Create a high-availability and disaster-recovery solution that’s easy to configure and support
As a senior consultant with the Financial Services Group of Microsoft Consulting Services, I help clients in the financial industry efficiently use Microsoft database technologies. I recently met with a client who wanted a high-availability and disaster-recovery solution. The client company's DBA had no practical experience supporting SQL Server high-availability solutions (including replication), so the client wanted a solution that would be simple to configure and support. I'll give you some background about this case and show you the steps I used to create a solution that doesn't require extensive scripting skills. If you're looking for an easy-to-use solution for your organization's high-availability and disaster-recovery needs, taking a look at this real-world example can help you decide whether merge replication is a good choice for you.

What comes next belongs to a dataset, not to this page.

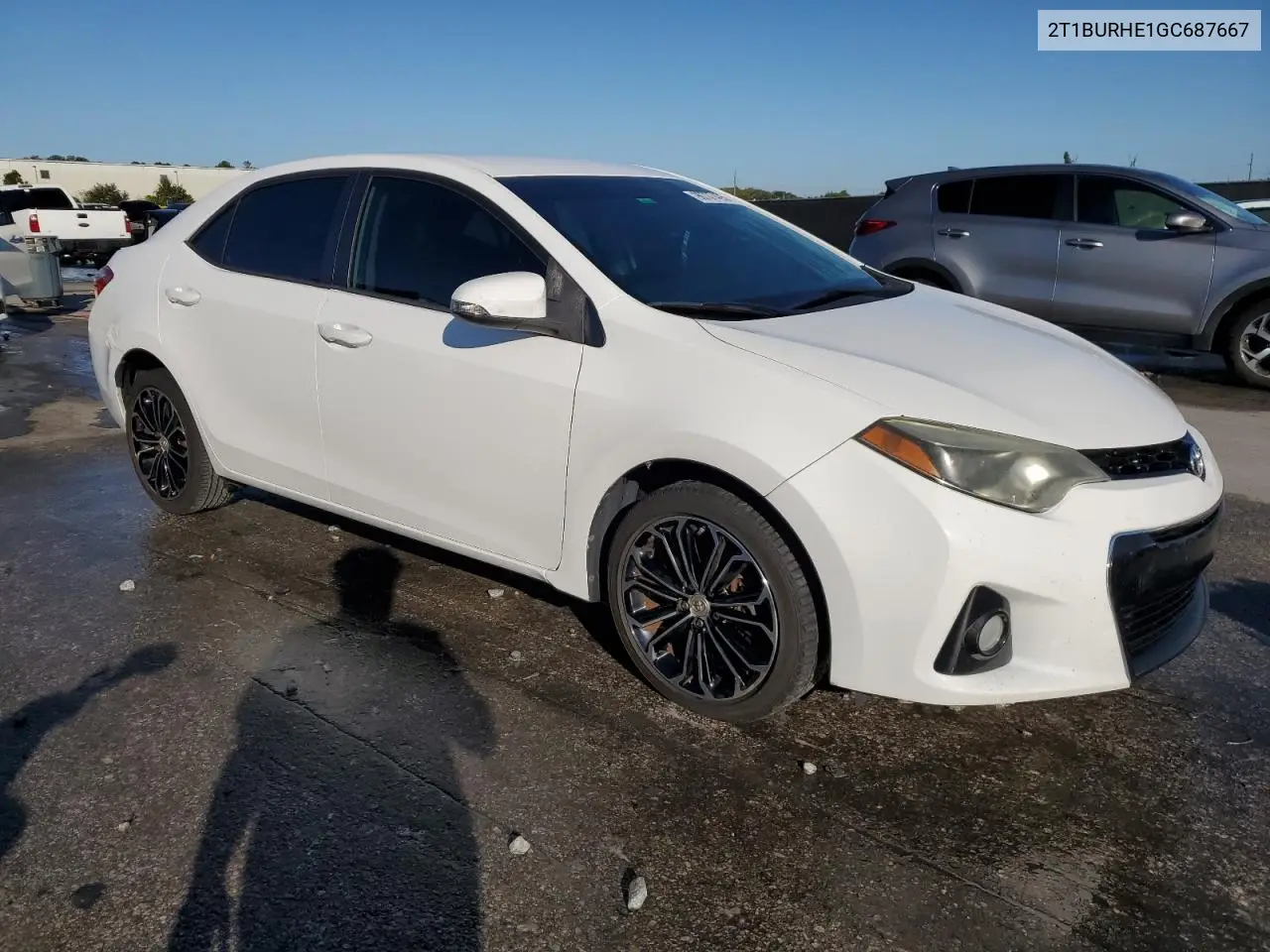 2T1BURHE1GC687667 2016 Toyota Corolla L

The client I worked with had two data-processing centers located miles apart and linked by a reliable T2 network connection line between the sites. The client needed a flexible high availability solution that would allow the addition of a third site in the future with minimum effort. Each existing site hosted a SQL Server 2000 database on a Windows 2000 server. Both Windows servers had two processors and 2GB of RAM. The client's database was about 25GB and growing slowly (200MB to 500MB per month). The database had a relatively low load (10 to 50 transactions per minute). The client's application is in use mainly from 7 a.m. to 9 p.m., 5 days a week, and the database needed be available at both sites at all times during business hours.
The client wanted to do data processing at one site and reporting at the other site. In case of disaster at one data center, the client wanted a failover system so that the remaining data center could quickly combine these functions without any reconfiguration. The client had considered splitting data-load operations between data centers but knew that data operators might try to update or delete the same record simultaneously on both sites. To resolve such possible conflicts between the two sites, the client wanted to merge changes that users performed on different sites in different columns, if possible. For example, if a user at SiteA changes column1 and another user at SiteB modifies column2, the client wants to merge both changes in the resulting table. Some tables have one or more text columns. Several tables have IDENTITY columns.
So, from these requirements, the client and I determined that the solution they needed should provide continuous data transfer, site autonomy (so that operations at one site will only minimally affect operations at the other site), processing of changes at both sites, and resolution of data conflicts.
Why Choose Merge Replication?
SQL Server 2000 offers several options that keep databases synchronized close to realtime, including two-phase commit, transactional replication with immediate updating subscribers, snapshot replication with immediate updating subscribers, transactional replication (including bidirectional replication), snapshot replication, transactional replication with queued updating subscribers, and merge replication. Based on the client's requirements, I recommended using SQL Server 2000 merge replication for several reasons. First, merge replication has a robust, built-in conflict-resolution mechanism that can be easily configured using Enterprise Manager. In simple cases, no scripting is required. Merge replication provides an out-the-box mechanism for resolving conflicts at the column level and a high transactional consistency of operations in situations like the one my client described, in which conflicts are rare and only two sites are currently involved in data processing. In addition, merge replication allows replication of text data, which was important to my client because the company had more than 10 database tables that contained text columns. Merge replication includes continuously-running Merge Agents that provide data transmission with acceptable latency. And using merge replication makes adding another server to the existing topology easy.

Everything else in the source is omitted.